Septembre 2001,ça sonne comme un faire-part de deuil. Simon, étudiant en cinéma qui rêve de réaliser des films d’horreur, assiste désemparé à cet effondrement partiel du monde occidental. À Poitiers, le jeune homme pense échapper à la torpeur en intégrant la rédaction du journal comme vacataire. Cornaqué par un vieux fait-diversier, il commente l’agenda d’une petite ville où les notables et les élus ne sont pas sans influence sur la ligne éditoriale.
Jusqu’à ces disparitions mystérieuses de jeunes gens qui attisent les rumeurs les plus folles en l’absence de réponses policières. Onze ans plus tard, Simon est vraiment journaliste dans l’Est de la France. Trente-deux ans, assommé par une vie routinière, célibataire et déjà victime d’un plan social. 7 janvier 2015, c’est aussi le jour où l’effondrement se propage à un autre édifice symbolique, la rédaction de Charlie-Hebdo.
Dans le sillage de ce crime contre la liberté de la presse, Simon est aussi le témoin impuissant du changement radical de la profession. La chasse au scoop est devenue la “chasse aux clics”. De retour à Poitiers, il est désormais le titulaire officiel de la rubrique des faits-divers dans le journal de ses piges étudiantes. L’occasion pour lui de renouer avec les questions sans réponses de sa jeunesse.
Thibaut Solano travaille d’après “une histoire vraie”. Journaliste, il a déjà publié le récit de ses enquêtes autour de la disparition de jeunes filles à Perpignan, sur la genèse de “L’Affaire Grégory” également.

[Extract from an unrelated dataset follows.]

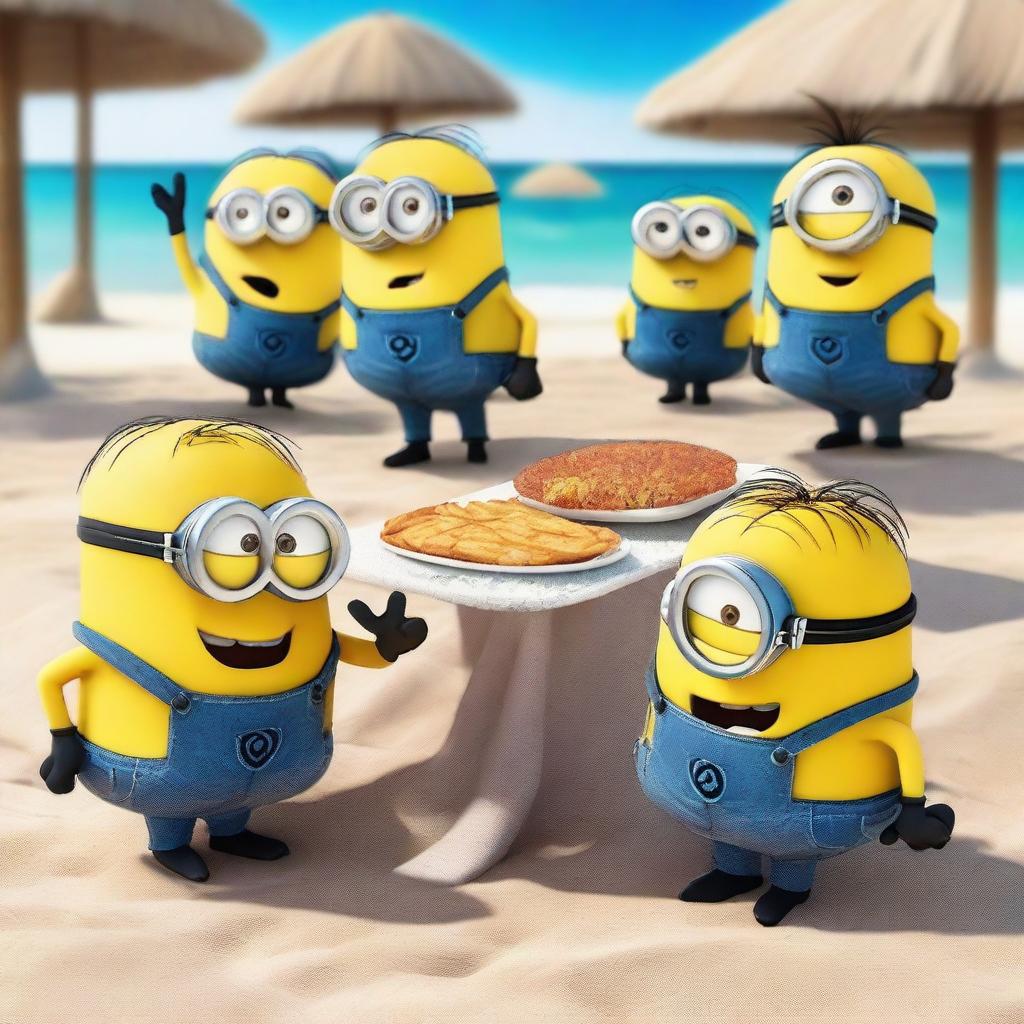 Minions enojados y con caras tristes por la comida de un restaurante en la playa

Avec “Les Noyés du Clain”, il nous présente un personnage de “fouineur” complexe. Insomniaque, solitaire et obsessionnel, le jeune Simon Magny n’hésite pas à fréquenter les squatts et les bars de nuit pour approcher une vérité sordide. Les faits-divers offrent rarement les premiers rôles aux assassins surdoués du roman victorien. C’est l’écume grise de notre humanité qui charrie l’ordinaire du crime.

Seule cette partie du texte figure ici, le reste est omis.